The tension within what is considered characteristic of Pythagorean thought has to do with an effort to synthesize cold, rational, changeless mathematical clarity (space) with passionate and intense interest in things developing, moving, changing -- the marvel of the new (time).
         . . . nihil est toto, quod perstet, in orbe.  (177)
         Cuncta fluuntomnisque vagans formatur imago;
        there is nothing in the whole universe that persists. Everything flows, and is formed as a fleeting image.
If all we can possess are wandering (vagans) images, then, in truth, we can't hold on to truth. The philosopher here seems to be envisioning the world itself as something that can only be an image, and not a stable one -- the critique of knowledge as being ever contingent, limited, and mutable is no longer a critique of knowledge, but rather is in "fact" the world that we can know. The cave of Morpheus is less distant than we thought.

Adding up all this that can never be known yields a sum that is known never to change:
     summa tamen omnia constant. (250)
     the total sum is constant. 

Ancient sources attribute the term Kosmos to Pythagoras -- the idea that there is order in the universe. Given such order, it seemed inevitable to the Greeks that there would be harmony. Pythagoras is believed to have originated the thought of "the music of the spheres." And according to other ancient sources, he was the first to use the term "philosopher."

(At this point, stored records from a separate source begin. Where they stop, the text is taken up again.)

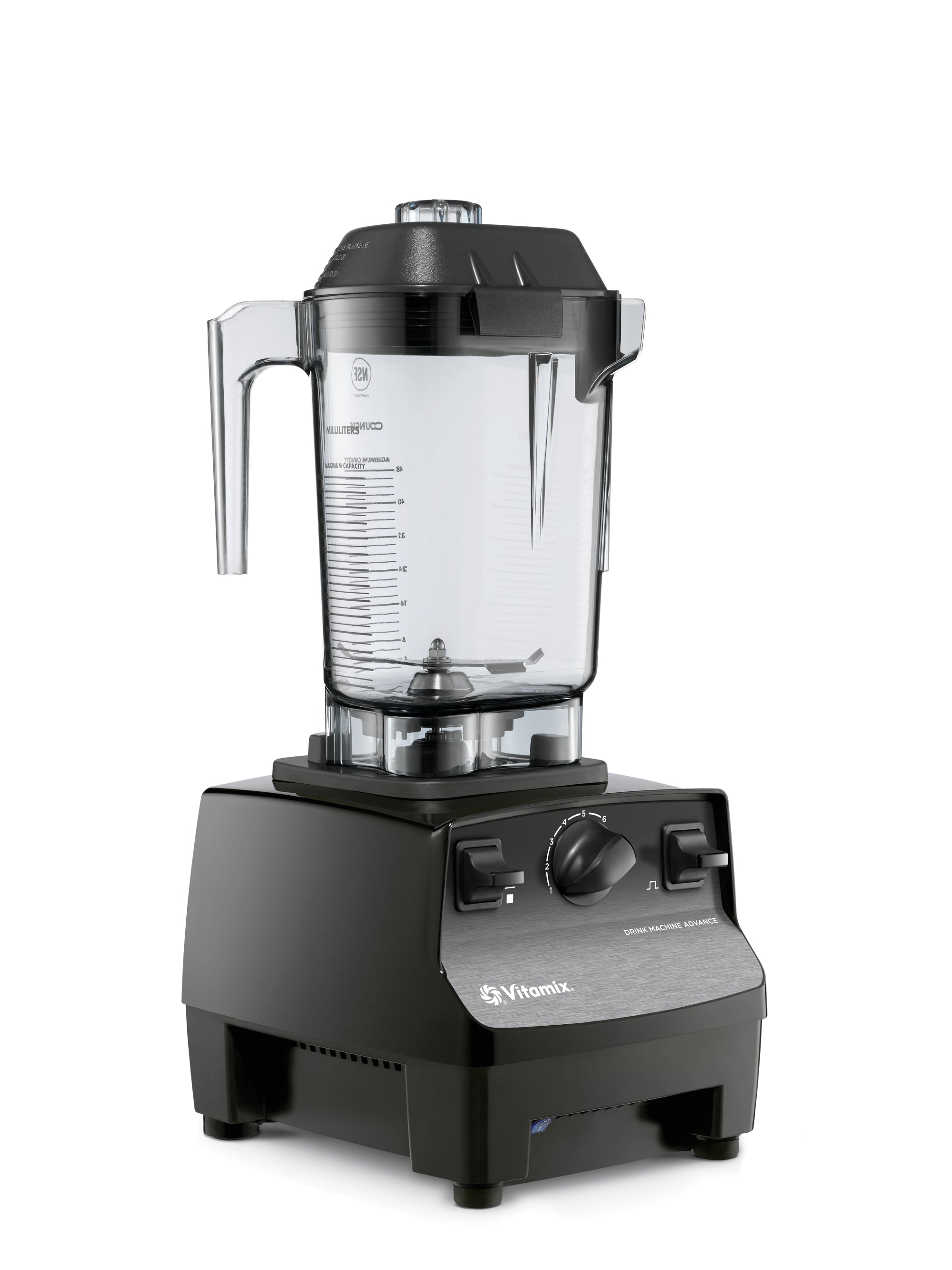 Vitamix Drink Machine Advance Bar Blender Black - Drink Machine Advance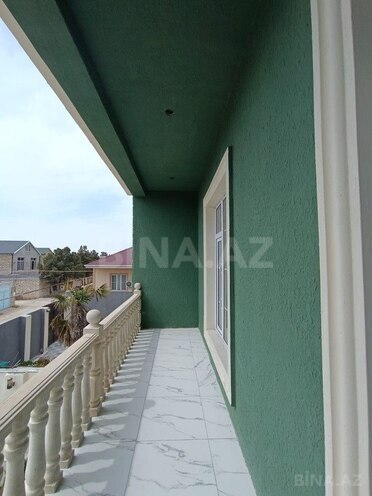 5 otaqlı həyət evi/bağ evi - Binə q. - 210 m² (4)
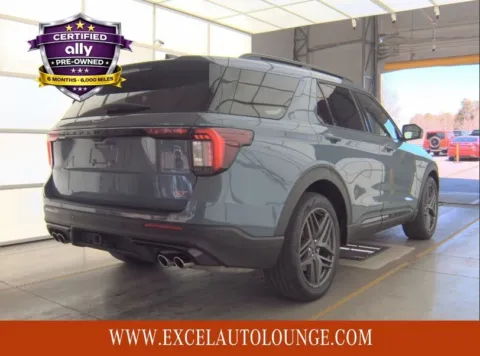 More photos of 2025 Ford Explorer ST at Excel Auto Lounge, NJ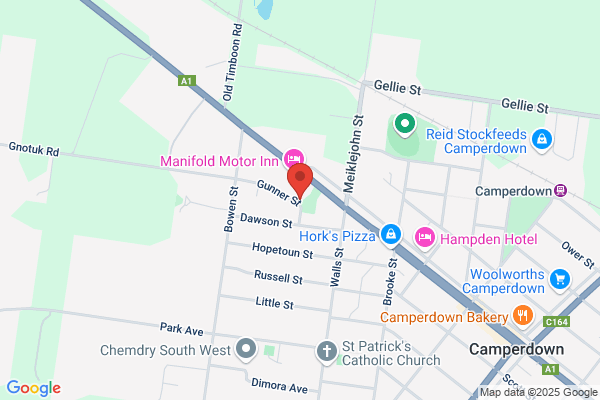 Camperdown Community House
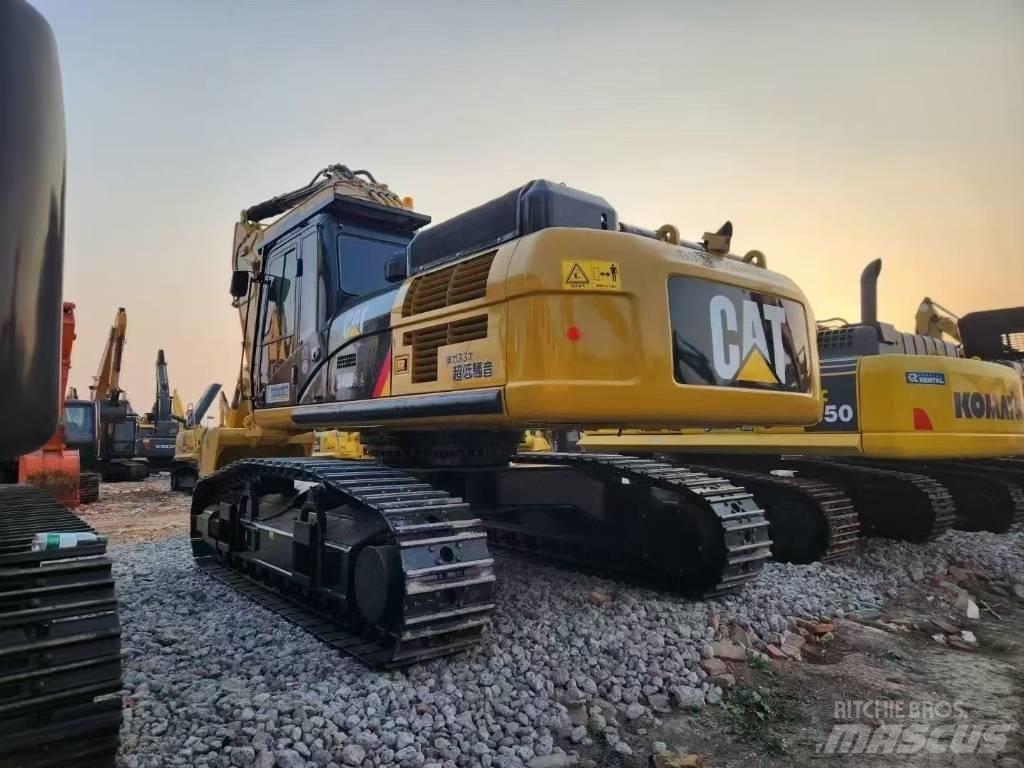 CAT 340 D L 履带挖掘机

The figure of Pythagoras brings together the difficult polarities of art and music, the realm of theory and the power of voice, Apollo and Dionysus. According to ancient comment, Pythagoras' initial effort to yoke these contraries broke apart after his death into two separate schools -- one tending toward the mystical, one toward the mathematical. It is this complication, this callida iunctura within Pythagoras, that would have appealed to Ovid. Here was a philosopher who sang the world as if the play of poetic making were not something said about the world, but rather something in and of the world about which philosophers attempt to speak.
If one were to believe the Pythagoreans, with the result that the same individual things will recur, then I shall be talking to you again sitting as you are now, with this pointer in my hand, and everything else will be just as it is now, and it is reasonable to suppose that the time then is the same as now. Porphyrius, Vita Pythagorae.